Since 1 June 2018, employment legislation has contained definitions of working hours arrangements for so-called variable working hours.
The collective agreements in certain sectors also contain corresponding provisions.
As well as this, on-call workers for whom each job they are hired for represents a separate fixed-term employment relationship, who are also considered zero-hours employees.
Legislation on contracts with variable working hours
The Employment Contracts Act contains a definition of a variable working hours clause. This means, firstly, a working hours arrangement in which the employee’s working hours vary between a minimum and maximum amount under the employment contract.

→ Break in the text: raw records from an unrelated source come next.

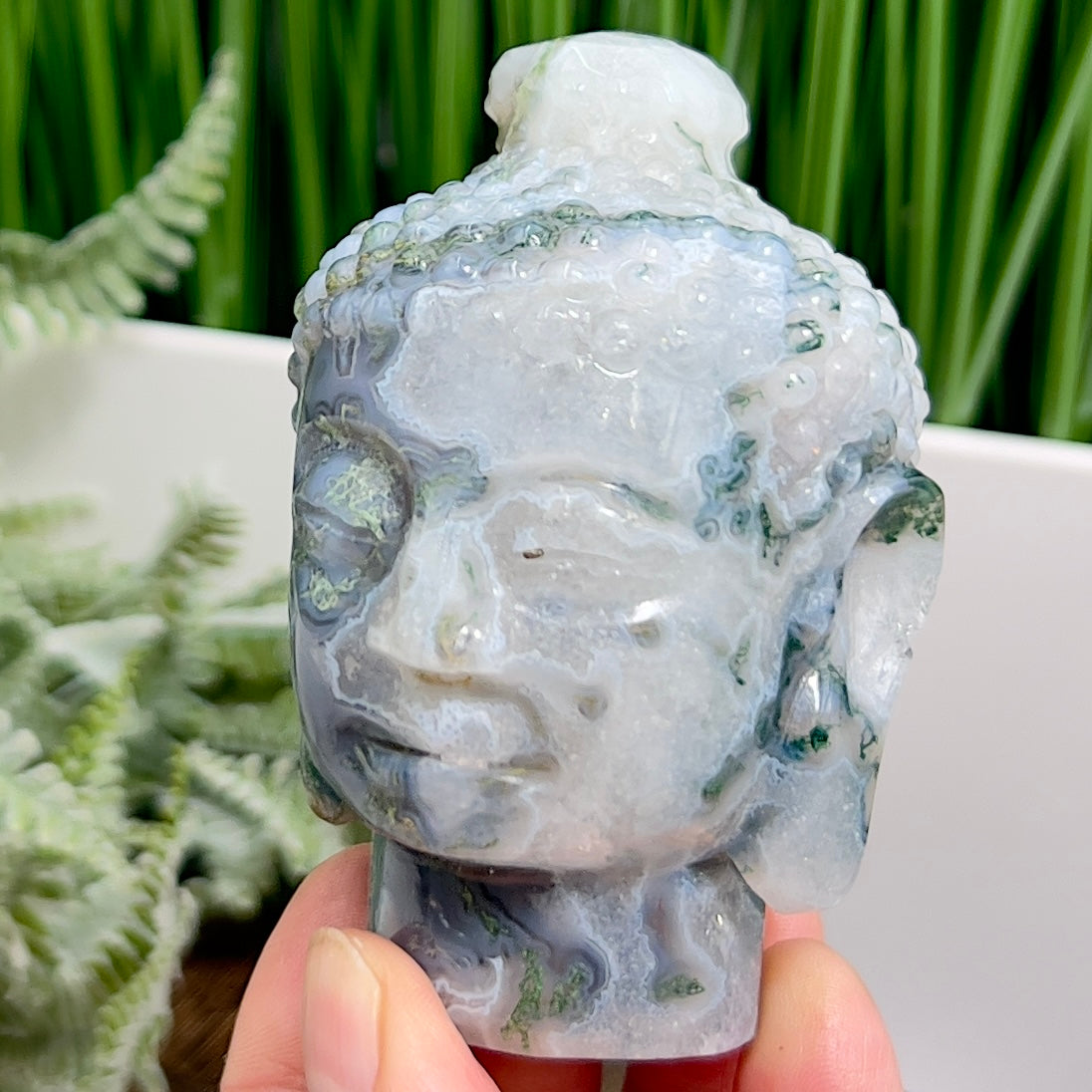 Moss Agate Buddha Crystal 290g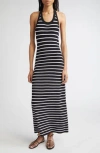 Proenza Schouler Meryl Striped Matte Viscose Rib Halter Maxi Dress In Multi
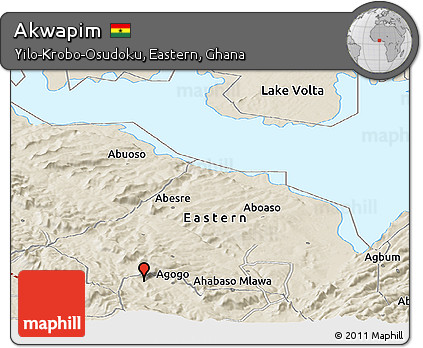 Shaded Relief Panoramic Map of Akwapim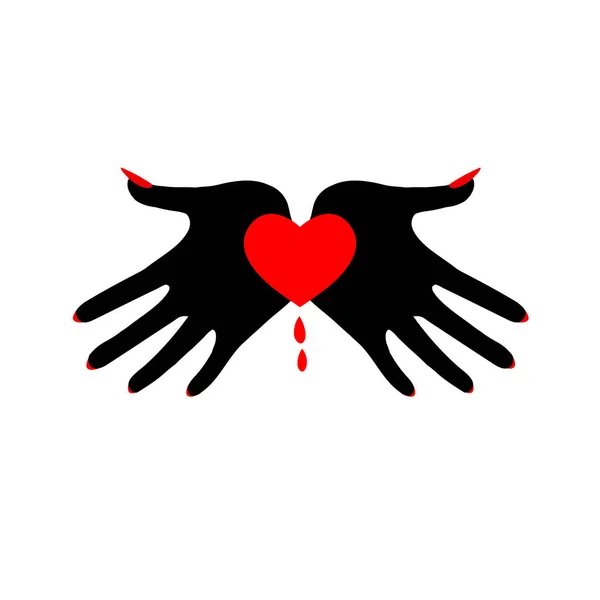 Corazón en palmas negras. Imagen demoníaca. Símbolo de la pasión fatal . — Vector de stock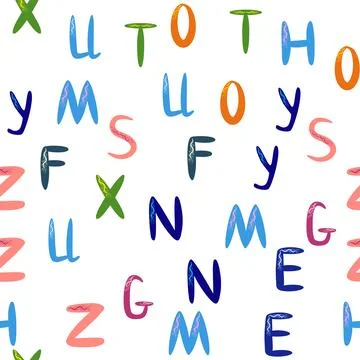 ABC seamless pattern in simple cartoon style. Cute alphabet print - hand dr.. Stock Illustration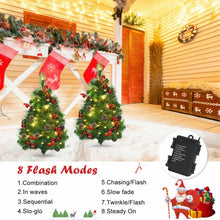 Load image into Gallery viewer, Set of 2 24 Inch Battery Powered Pre-lit Pathway Holiday Christmas Trees
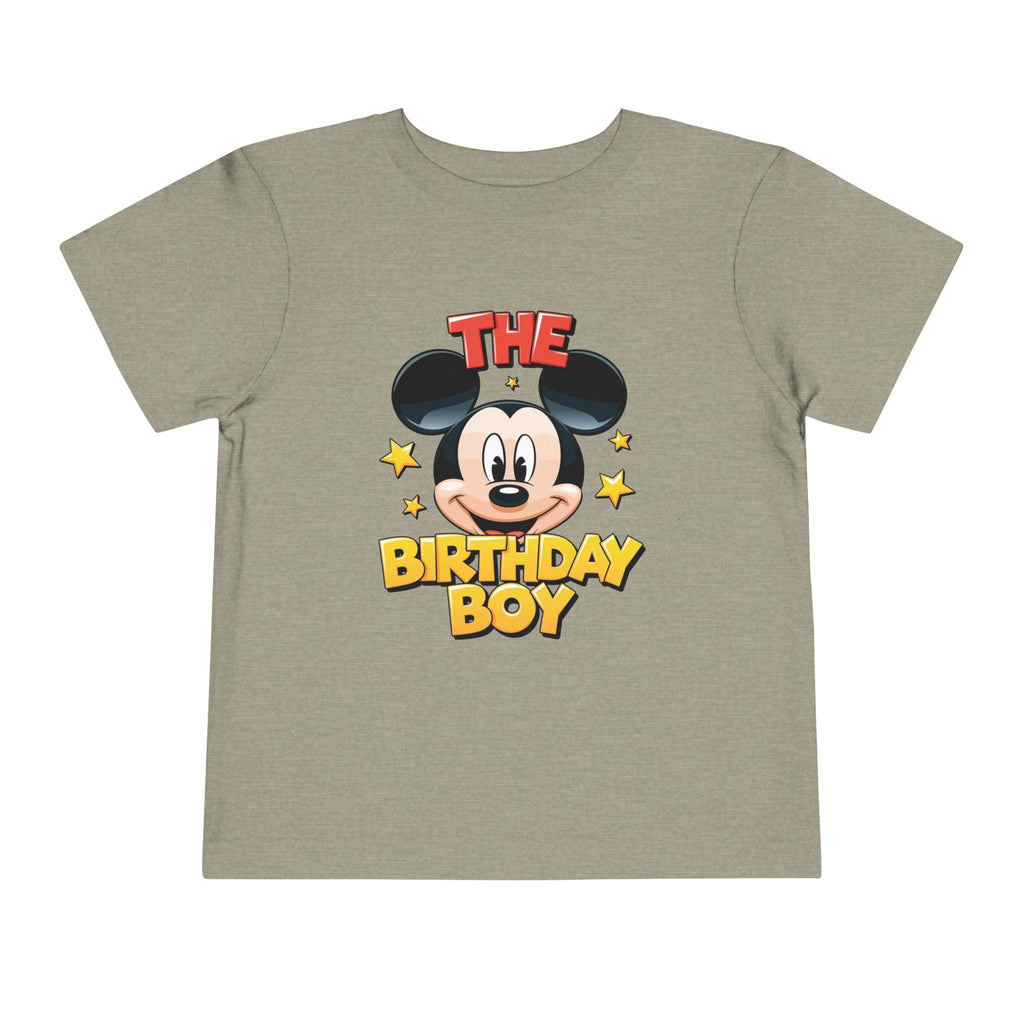 Toddler Tee — "The Birthday Boy" Cartoon Mouse Party Shirt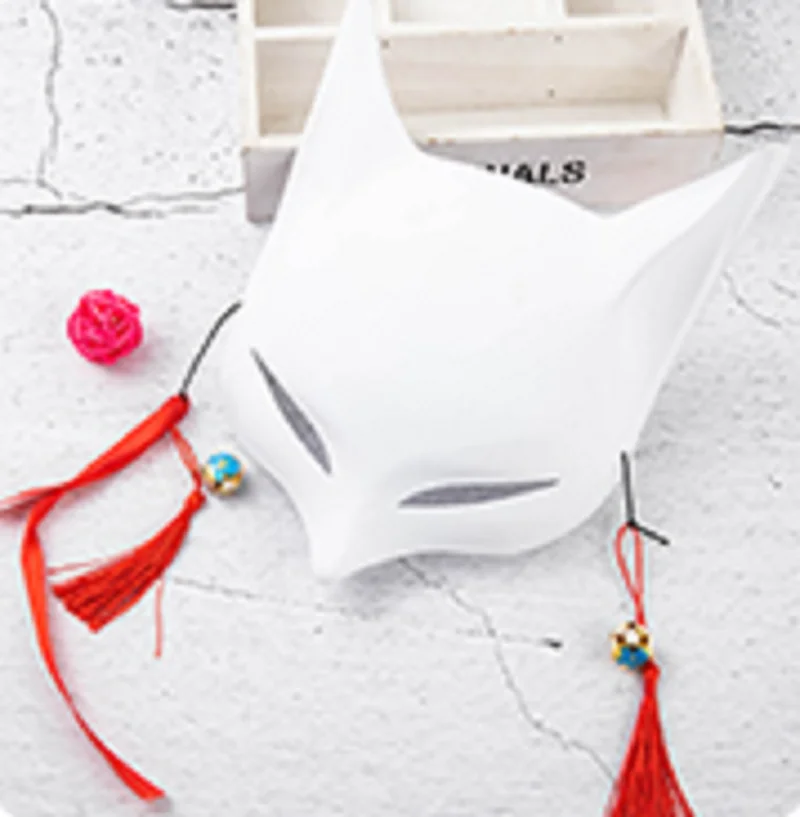 

Fox mask party half face Japanese hand-painted cos mask with tassel masquerade ball Kabuki fox mask cosplay props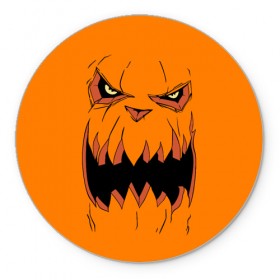 Коврик круглый с принтом Halloween в Кировске, резина и полиэстер | круглая форма, изображение наносится на всю лицевую часть | Тематика изображения на принте: halloween | orange | pumpkin | scary | оранжевая | страшная | тыква | ужас | хэллоуин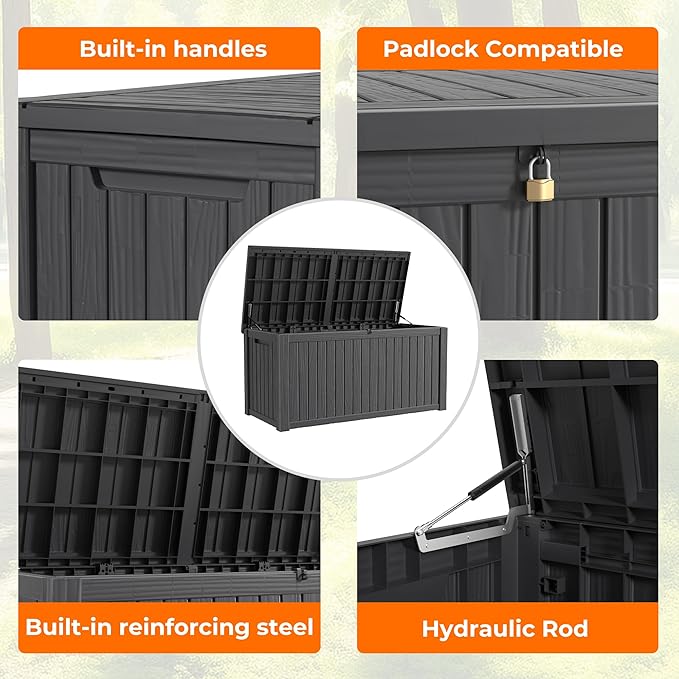 180 Gallon Deck Box Large Outdoor Storage for Patio Furniture,Outdoor Cushions,Garden Tools and Pool Supplies,Waterproof,Resin,Lockable(Black)-Ruum Studio Home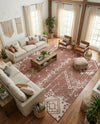 Desert Nomad Terrace Collection Area Rug - Sahara (Rust Red) Square Rust Red  lifestyle 50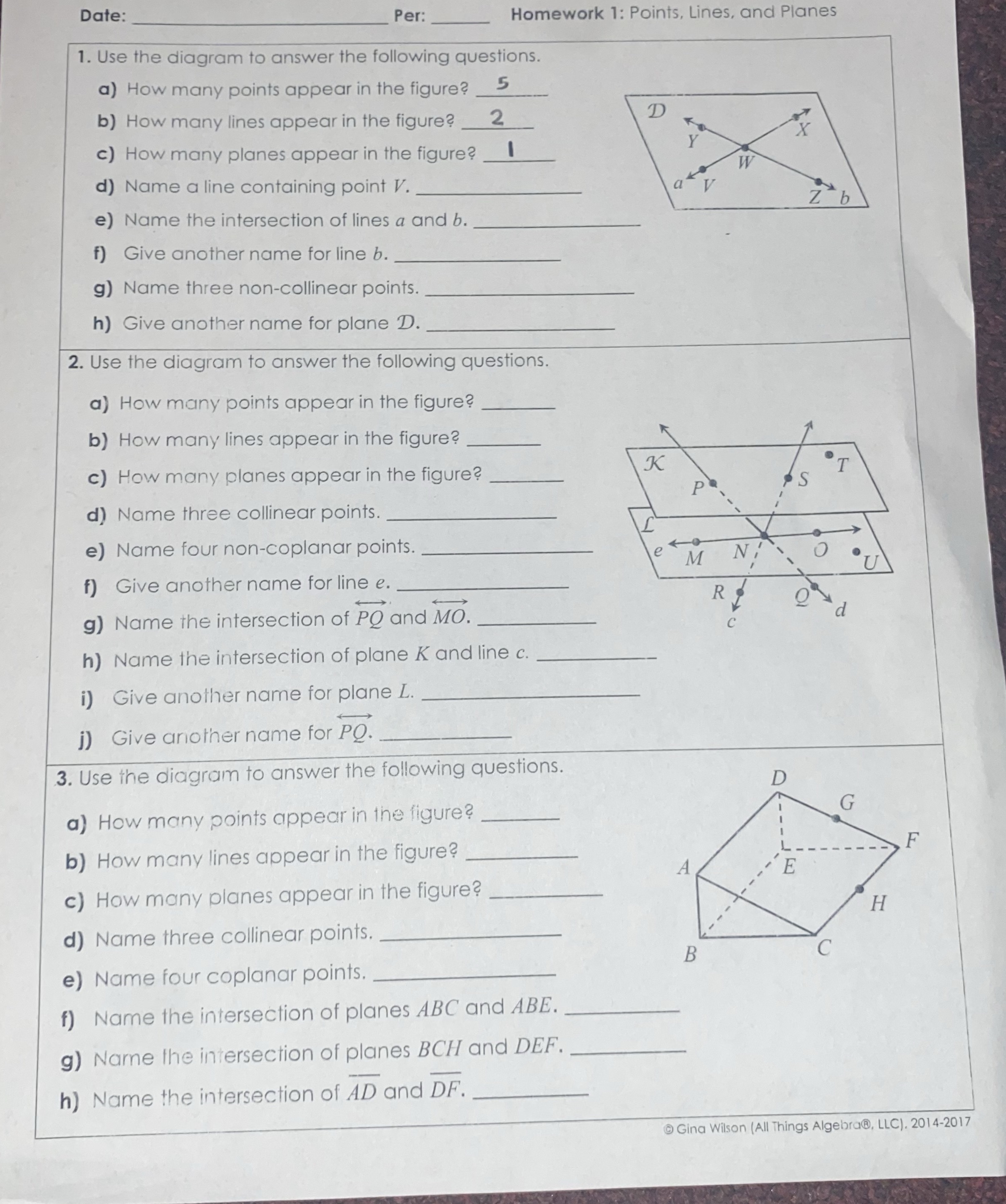 Need help on these questions Date: Per: Homework 1: Points, Lines, and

So the working hours agreed in the employment contract could be, for example, 0-40 hours a week or 10-37.5 hours a week.
A variable working hours clause means, secondly, an arrangement where the employee undertakes to perform work when separately asked to do so. Then the minimum amount of working hours is in practice zero.
The employer may not take the initiative to use a variable working hours clause if the employer’s labour need is fixed.
It also cannot be agreed that the employee’s minimum working hours are fewer than the employer’s labour need. It follows that minimum working hours can be increased during the employment relationship, since the employer must negotiate updated minimum working hours with the employee if the actual working hours in the preceding 6 months show that the minimum working hours have been agreed to be below the labour need.
Adding extra hours requires that the employee working on a variable hours contract gives consent separately each time or for a fairly short period. The law also contains separate provisions on drawing up work shift schedules, pay during illness and notice-period pay.
Collective agreements may contain their own definitions for corresponding working hours clauses. Check this in the collective agreement for your sector, which you can find here.
Collective agreement may prohibit use of zero-hours contracts
The use of variable working hours contracts may be prohibited outright in a collective agreement. For example, in the commerce collective agreement average minimum working hours must be agreed for employees working less than 37.5 hours.
If an employee in the commerce sector works "on call as required" or "on call separately", each spell of employment offered separately constitutes a separate fixed-term employment relationship. There must be legal grounds for each employment relationship being fixed-term, so employers cannot use them if their labour need is continuous.
Then the employee also always has the right to refuse offers of employment spells.
If, on the other hand, shifts are entered in the shift schedule for an employee and he/she does not have an opportunity to refuse them, it means that he/she is a part-time employee and average minimum working hours must be agreed with him/her.